In this case, the evidence in the file is sufficient to create the presumption that proper notice of extension was given (see, e.g., International Cargo & Surety Insurance Co. (Data Memory Corp.) v. United States, 15 CIT 541, 779 F. Supp. 174 (1991)). In such a case, when the protestant fails to rebut that presumption (there is no evidence in the file alleged to do so), "the only issue to be decided is whether the extension was permissible under the statute" (15 CIT at 545).

The issue of the permissibility of extension of liquidation was recently addressed by the Court of Appeals for the Federal Circuit. In St. Paul Fire & Marine Ins. Co. [Carreon] v. United States, 6 F. 3d 763 (Fed. Cir. 1993) (reversing the CIT decision (16 CIT 663, 799 F. Supp. 120 (1992)), the Court concluded:

... Customs may, for statutory purposes and with the requisite notice, employ up to four years to effect liquidation so long as the extensions it grants are not abusive of its discretionary authority. Such an abuse of discretionary authority may arise only when an extension is granted even following elimination of all possible grounds for such an extension. There is, in sum, a narrow limitation on Customs discretion to extend the period of liquidation. [6 F. 3d at 768]
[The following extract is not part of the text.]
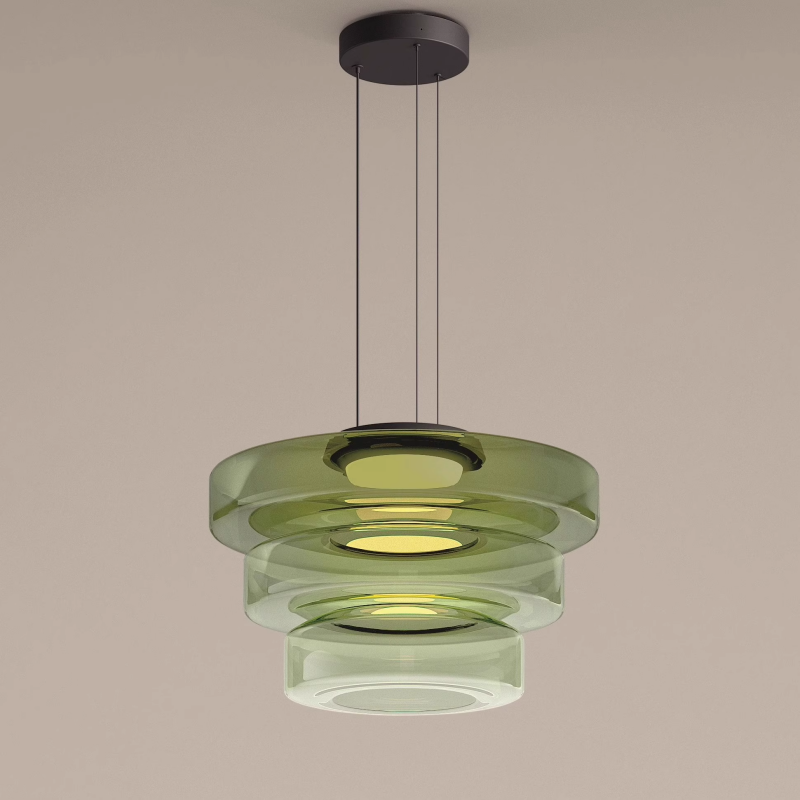 Glazen Hanglamp Bolvorm Minimalistisch Design Eetkamer Woonkamer Keuken Modern Interieur Amber Groen Grijs | Sulvida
The Court went on to state that "Customs decisions to extend are entitled to a presumption of legality unless [the plaintiff] can prove that these decisions were unreasonable" (6 F. 3d at 768).

The protestant has not met its burden in this regard. It has not "prove[d]" that Customs decision was unreasonable, that all possible grounds for extension of liquidation may be eliminated. That is, the conditions precedent to the assessment of marking duties are that the merchandise was not marked at the time of importation in accordance with the statutory requirements and that the merchandise was not so marked, exported, or destroyed under Customs supervision prior to liquidation (see above, see also Customs Service Decision (C.S.D.) 92-32, in which relief from marking duties was granted when merchandise was properly marked under Customs supervision with the country of origin prior to liquidation of the entry). Since a possible ground for extension of liquidation was to give the importer the opportunity to properly mark the merchandise, or to export or destroy it (as noted above, there is evidence that the importer requested a delay in liquidation for this very reason, and that the protestant was given notice of this request) and such action before liquidation would have relieved the importer of marking duties, the protestant clearly has not eliminated that possible reason, nor has the protestant "prove[d] that the decision [was] unreasonable" (supra).
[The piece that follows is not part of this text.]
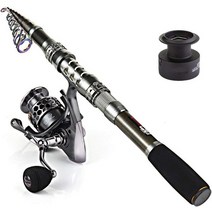 Sougayilang 스피닝 낚싯대와 릴 콤보 이동용 망원경 염수 및 담수 낚시 여행을 위한 릴, 2.4M/7.87Ft Rod+XY 3000 Reel, 낚싯대와 릴만 포함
We note that the St. Paul Fire & Marine Ins. Co. case involved the extension of liquidation because of certain missing cost data and that the Court stated "[i]n order for [plaintiff] to prevail in this case, it would have had to prove that [the importer], or someone else, notified Customs that the required cost data would not be submitted" (6 F. 3d at 769; emphasis in original). Analogously, to prevail in this case, the protestant would have had to prove that the importer, or someone else, had notified Customs that the merchandise was not going to be properly marked, exported, or destroyed. There is no such evidence in the file.
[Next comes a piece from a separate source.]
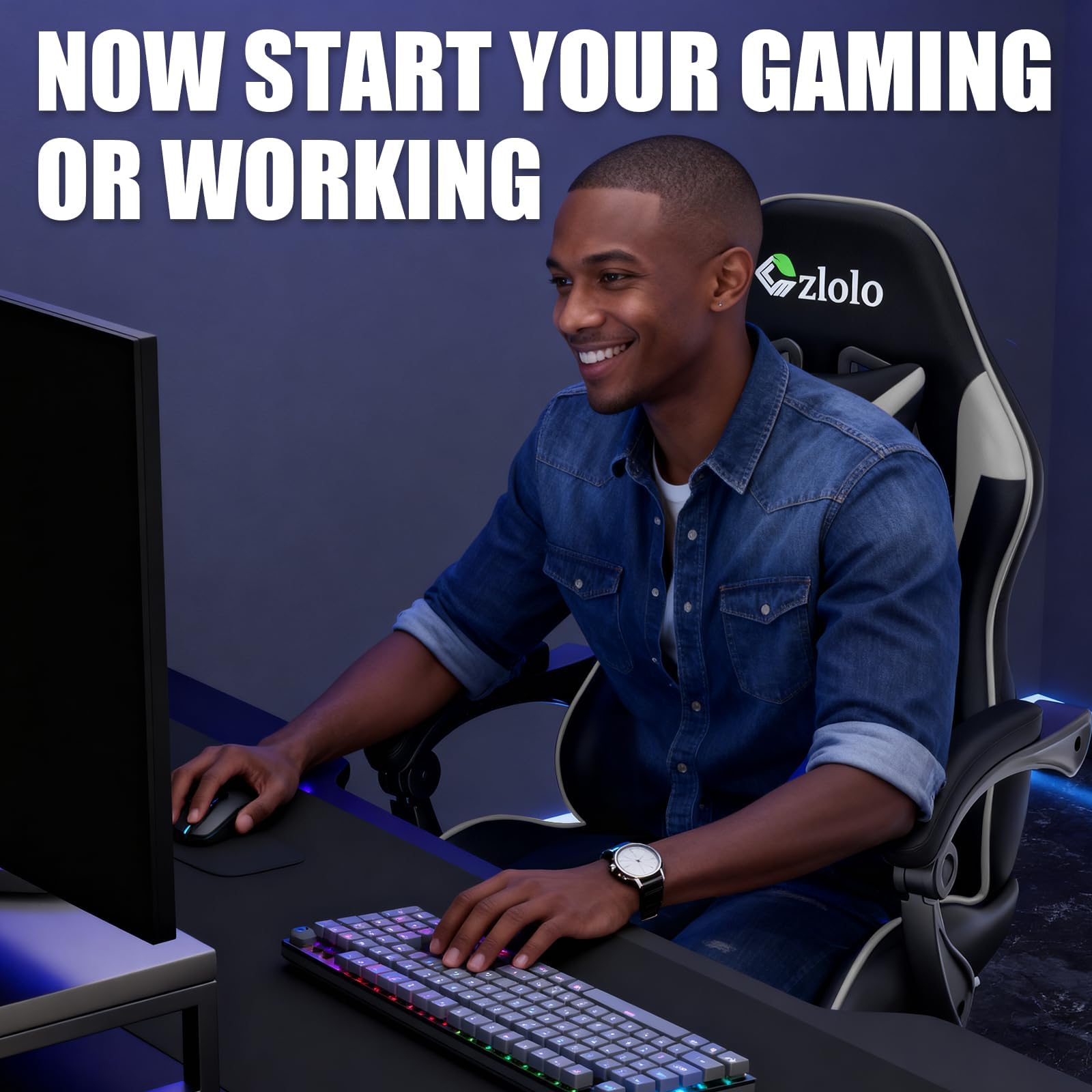 Grey Czlolo gaming chair with massage feature, footrest, lumbar support, headrest, linkage armrests, and adjustable recline.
The protest must be DENIED.


The protest in this case may not be granted because the protestant has not met its burden of proving that Customs extension of liquidation was unreasonable, that all possible grounds for extension of liquidation may be eliminated.

The protest is DENIED. In accordance with Section 3A(11)(b) of Customs Directive 099 3550-065, dated August 4, 1993, Subject: Revised Protest Directive, this decision should be mailed by your office, with the Customs Form 19, to the protestant no later than 60 days from the date of this letter. Any reliquidation of the entry in accordance with the decision must be accomplished prior to mailing of the decision. Sixty days from the date of the decision the Office of Regulations and Rulings will take steps to make the decision available to Customs personnel via the Customs Rulings Module in ACS and the public via the Diskette Subscription Service, Freedom of Information Act, and other public access channels.